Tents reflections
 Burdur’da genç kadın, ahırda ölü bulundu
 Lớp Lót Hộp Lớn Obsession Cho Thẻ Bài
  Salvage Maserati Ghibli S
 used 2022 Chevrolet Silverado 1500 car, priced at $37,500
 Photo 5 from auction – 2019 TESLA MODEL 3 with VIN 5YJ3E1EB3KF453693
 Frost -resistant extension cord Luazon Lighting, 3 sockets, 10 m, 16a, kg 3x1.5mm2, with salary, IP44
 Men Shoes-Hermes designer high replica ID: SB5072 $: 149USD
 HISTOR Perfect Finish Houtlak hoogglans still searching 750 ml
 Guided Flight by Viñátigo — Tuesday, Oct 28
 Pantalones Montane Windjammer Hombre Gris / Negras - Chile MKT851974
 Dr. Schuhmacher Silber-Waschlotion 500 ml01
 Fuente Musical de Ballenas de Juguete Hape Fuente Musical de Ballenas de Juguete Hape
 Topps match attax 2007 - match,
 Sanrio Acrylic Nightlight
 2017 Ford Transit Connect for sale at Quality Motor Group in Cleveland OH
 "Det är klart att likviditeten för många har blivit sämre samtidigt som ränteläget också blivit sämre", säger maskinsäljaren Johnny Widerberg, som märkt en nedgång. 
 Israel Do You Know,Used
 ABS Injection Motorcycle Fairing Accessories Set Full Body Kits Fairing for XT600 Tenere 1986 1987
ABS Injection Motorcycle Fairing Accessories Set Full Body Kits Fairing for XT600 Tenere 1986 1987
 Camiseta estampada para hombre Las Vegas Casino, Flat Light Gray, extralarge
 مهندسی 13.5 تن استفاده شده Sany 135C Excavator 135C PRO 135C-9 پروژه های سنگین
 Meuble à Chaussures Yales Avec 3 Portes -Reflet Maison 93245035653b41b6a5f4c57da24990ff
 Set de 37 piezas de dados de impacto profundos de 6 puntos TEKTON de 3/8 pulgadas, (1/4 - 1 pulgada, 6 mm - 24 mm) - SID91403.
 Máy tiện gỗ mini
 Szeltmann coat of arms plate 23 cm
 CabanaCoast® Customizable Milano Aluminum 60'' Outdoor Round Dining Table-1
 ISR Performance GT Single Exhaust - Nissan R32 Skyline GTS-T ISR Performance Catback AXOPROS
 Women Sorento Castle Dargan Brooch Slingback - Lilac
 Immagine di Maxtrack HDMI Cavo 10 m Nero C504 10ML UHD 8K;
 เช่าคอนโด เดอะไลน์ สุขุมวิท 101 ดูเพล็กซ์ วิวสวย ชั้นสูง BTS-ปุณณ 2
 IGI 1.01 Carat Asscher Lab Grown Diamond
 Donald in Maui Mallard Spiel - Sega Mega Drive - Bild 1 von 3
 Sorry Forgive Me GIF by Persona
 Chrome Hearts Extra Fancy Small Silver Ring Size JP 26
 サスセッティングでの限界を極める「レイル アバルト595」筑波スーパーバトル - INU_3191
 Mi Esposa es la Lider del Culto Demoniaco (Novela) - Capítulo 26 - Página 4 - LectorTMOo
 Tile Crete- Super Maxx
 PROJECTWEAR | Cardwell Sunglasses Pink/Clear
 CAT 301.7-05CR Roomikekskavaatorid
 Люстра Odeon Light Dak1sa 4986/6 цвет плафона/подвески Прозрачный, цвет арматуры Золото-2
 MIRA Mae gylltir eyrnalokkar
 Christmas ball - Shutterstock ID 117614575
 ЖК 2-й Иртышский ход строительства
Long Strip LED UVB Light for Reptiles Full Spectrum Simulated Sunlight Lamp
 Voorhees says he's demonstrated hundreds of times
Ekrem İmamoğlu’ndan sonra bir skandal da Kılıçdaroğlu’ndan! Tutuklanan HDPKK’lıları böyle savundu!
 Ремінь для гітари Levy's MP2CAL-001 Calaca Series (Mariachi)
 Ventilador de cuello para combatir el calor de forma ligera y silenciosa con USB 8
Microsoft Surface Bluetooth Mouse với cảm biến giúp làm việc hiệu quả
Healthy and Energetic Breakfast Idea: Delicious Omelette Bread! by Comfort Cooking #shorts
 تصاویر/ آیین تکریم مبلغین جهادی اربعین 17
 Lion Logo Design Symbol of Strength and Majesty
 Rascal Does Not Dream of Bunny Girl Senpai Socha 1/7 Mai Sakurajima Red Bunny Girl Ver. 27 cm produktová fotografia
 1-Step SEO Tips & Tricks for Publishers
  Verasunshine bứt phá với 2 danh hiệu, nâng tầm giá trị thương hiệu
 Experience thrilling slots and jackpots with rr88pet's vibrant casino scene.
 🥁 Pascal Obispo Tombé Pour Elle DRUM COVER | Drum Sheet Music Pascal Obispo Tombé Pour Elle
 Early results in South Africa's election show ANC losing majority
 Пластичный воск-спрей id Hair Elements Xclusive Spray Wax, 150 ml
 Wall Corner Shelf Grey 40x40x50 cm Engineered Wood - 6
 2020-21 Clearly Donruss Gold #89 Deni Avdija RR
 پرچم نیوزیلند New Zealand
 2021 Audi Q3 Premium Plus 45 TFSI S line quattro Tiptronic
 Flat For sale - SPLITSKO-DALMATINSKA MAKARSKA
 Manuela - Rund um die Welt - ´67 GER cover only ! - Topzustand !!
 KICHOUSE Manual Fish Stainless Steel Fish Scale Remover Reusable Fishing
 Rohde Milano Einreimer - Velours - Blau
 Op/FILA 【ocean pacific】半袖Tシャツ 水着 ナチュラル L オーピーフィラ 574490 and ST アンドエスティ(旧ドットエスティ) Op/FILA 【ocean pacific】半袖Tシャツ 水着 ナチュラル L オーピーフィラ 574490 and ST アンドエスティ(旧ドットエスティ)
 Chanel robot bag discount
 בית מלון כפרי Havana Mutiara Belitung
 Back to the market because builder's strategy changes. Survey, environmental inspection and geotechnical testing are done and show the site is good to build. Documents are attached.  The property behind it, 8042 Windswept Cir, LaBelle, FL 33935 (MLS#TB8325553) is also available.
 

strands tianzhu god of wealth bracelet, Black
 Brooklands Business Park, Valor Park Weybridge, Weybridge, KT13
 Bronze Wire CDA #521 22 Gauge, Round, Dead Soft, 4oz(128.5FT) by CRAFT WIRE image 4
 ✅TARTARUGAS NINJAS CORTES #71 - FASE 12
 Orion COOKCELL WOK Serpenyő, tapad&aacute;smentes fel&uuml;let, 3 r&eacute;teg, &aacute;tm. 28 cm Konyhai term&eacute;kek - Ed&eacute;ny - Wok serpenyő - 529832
____________
What the task requires:
Everything starting at the line containing "Frost -resistant extension" and ending at the line containing "2017 Ford Transit" in the records above should be repeated exactly, and only that.

Output for this exercise:
 Frost -resistant extension cord Luazon Lighting, 3 sockets, 10 m, 16a, kg 3x1.5mm2, with salary, IP44
 Men Shoes-Hermes designer high replica ID: SB5072 $: 149USD
 HISTOR Perfect Finish Houtlak hoogglans still searching 750 ml
 Guided Flight by Viñátigo — Tuesday, Oct 28
 Pantalones Montane Windjammer Hombre Gris / Negras - Chile MKT851974
 Dr. Schuhmacher Silber-Waschlotion 500 ml01
 Fuente Musical de Ballenas de Juguete Hape Fuente Musical de Ballenas de Juguete Hape
 Topps match attax 2007 - match,
 Sanrio Acrylic Nightlight
 2017 Ford Transit Connect for sale at Quality Motor Group in Cleveland OH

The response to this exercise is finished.